▶ **WHAT NEEDS TO BE DONE**
Reproduce exactly the lines from the one containing "Zapatillas Inglés Lona" through the end of the entries, including both. Drop the pictures.

▶ **EXERCISE DATA**
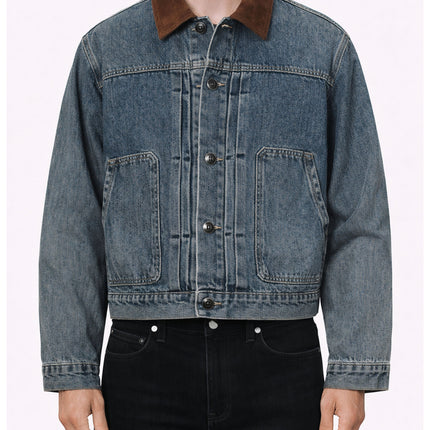 LUMBERJACK DENIM JACKET
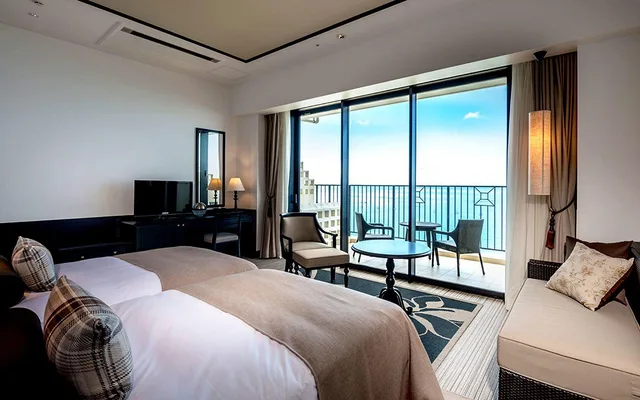 Premium, Superior, 2 Double Beds, Club Floor، Hotel Monterey Okinawa Spa & Resort 1/1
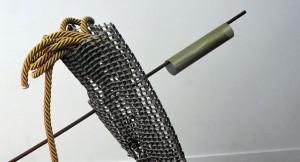 Georgia Dickie Smoking Gun Sculpture 2012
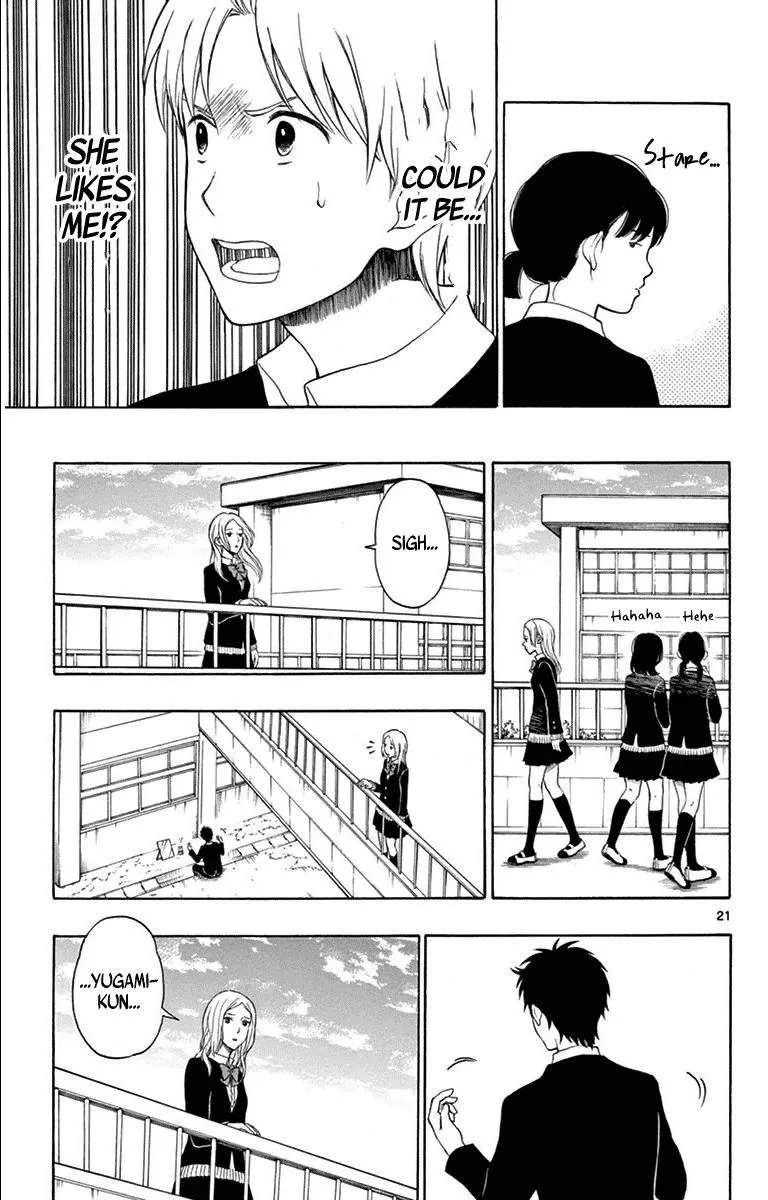 Read Yugami-kun ni wa Tomodachi ga Inai (en) Manga Online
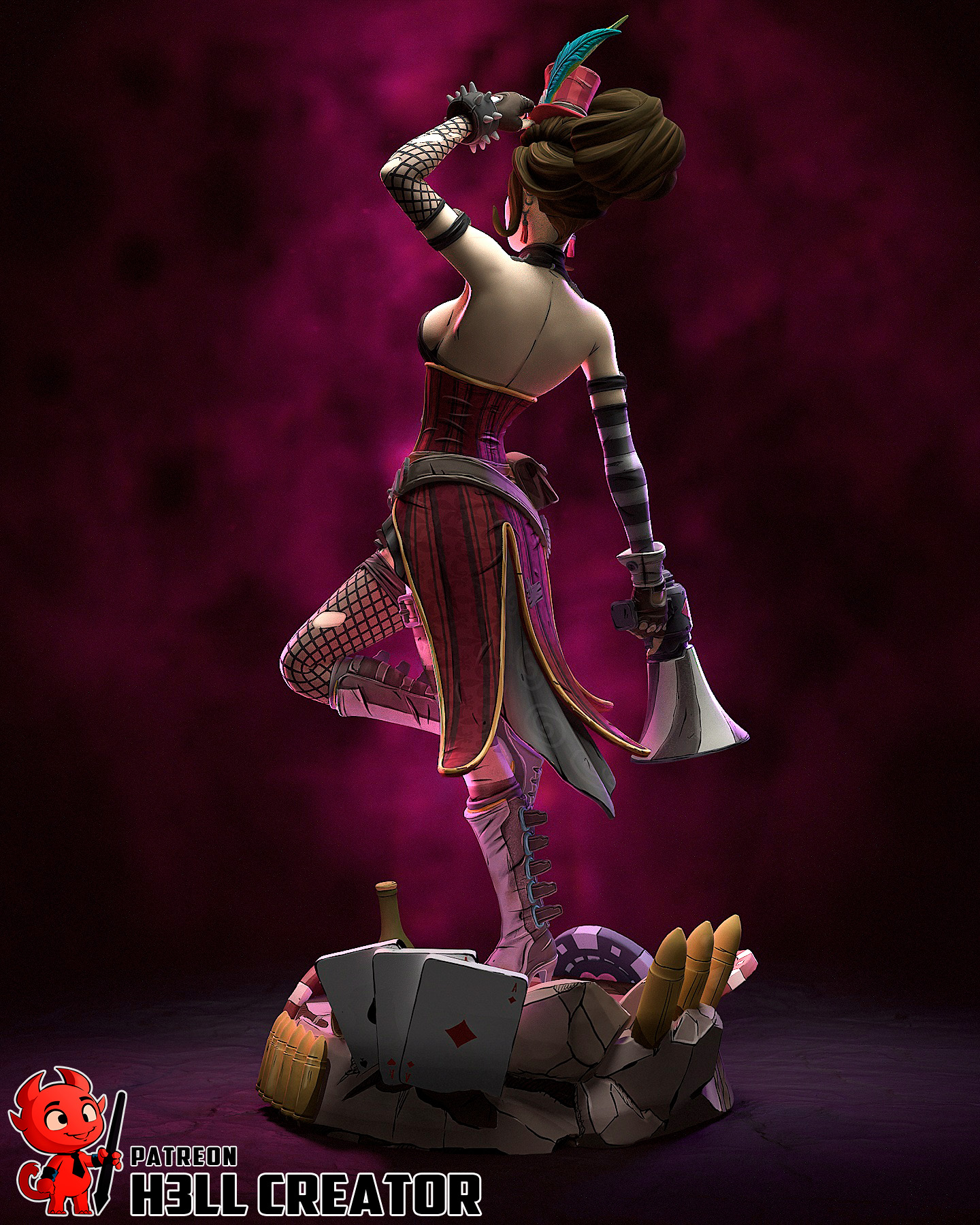 La Anfitriona del Yermo . Videojuegos, Acción y Caos: imagen 4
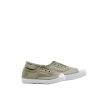 Zapatillas Inglés Lona Punta Goma sin Cordones - Thumbnail Image 12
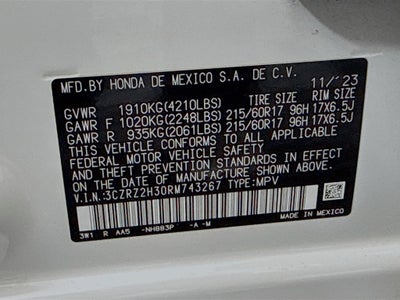 2024 Honda HR-V LX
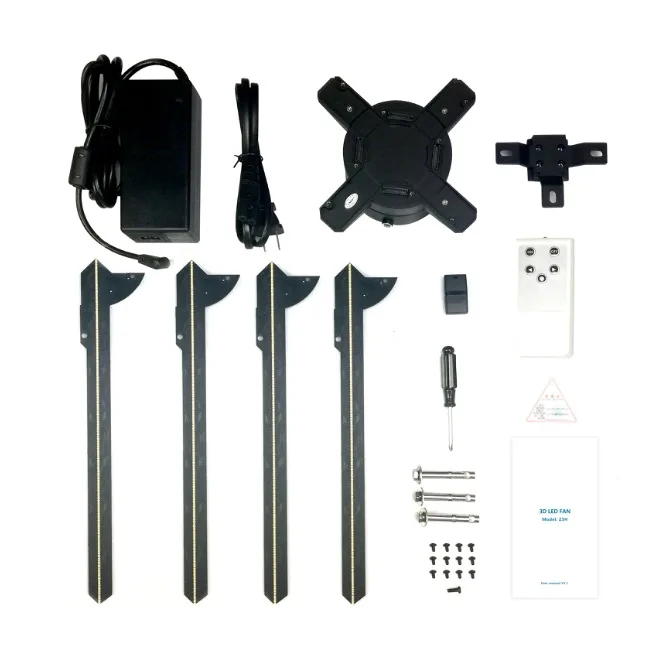 Ventilador de holograma 3D TFL 65cm com projeção holográfica Fornecedor OEM de aplicação de educação interna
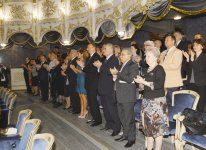 Президент Азербайджана принял участие в церемонии, посвященной 90-летию академика Зарифы Алиевой (ФОТО)
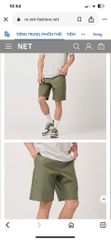 Q150 Quần short nam ka ki Net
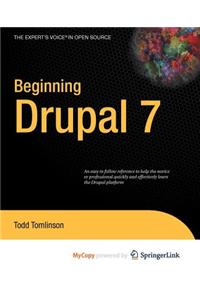 Beginning Drupal 7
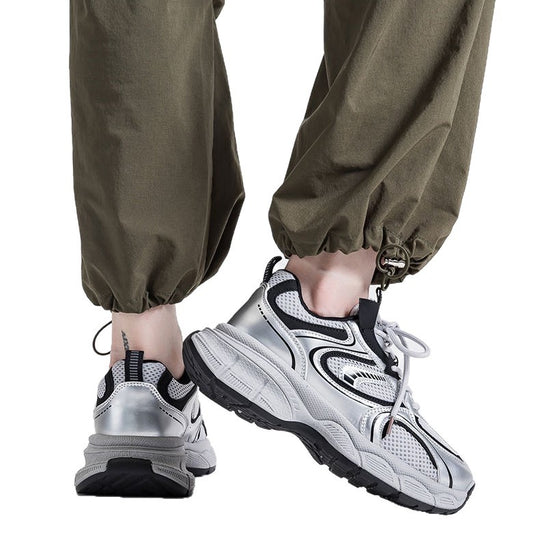 Damen Sportliche Lauf-Sneaker mit rutschfester Sohle und atmungsaktivem Obermaterial R&B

▶ **ANSWER SECTION**
 Zapatillas Inglés Lona Punta Goma sin Cordones - Thumbnail Image 12
 2024 Honda HR-V LX
 Ventilador de holograma 3D TFL 65cm com projeção holográfica Fornecedor OEM de aplicação de educação interna
 Президент Азербайджана принял участие в церемонии, посвященной 90-летию академика Зарифы Алиевой (ФОТО)
 Q150 Quần short nam ka ki Net
 Beginning Drupal 7
 Damen Sportliche Lauf-Sneaker mit rutschfester Sohle und atmungsaktivem Obermaterial R&B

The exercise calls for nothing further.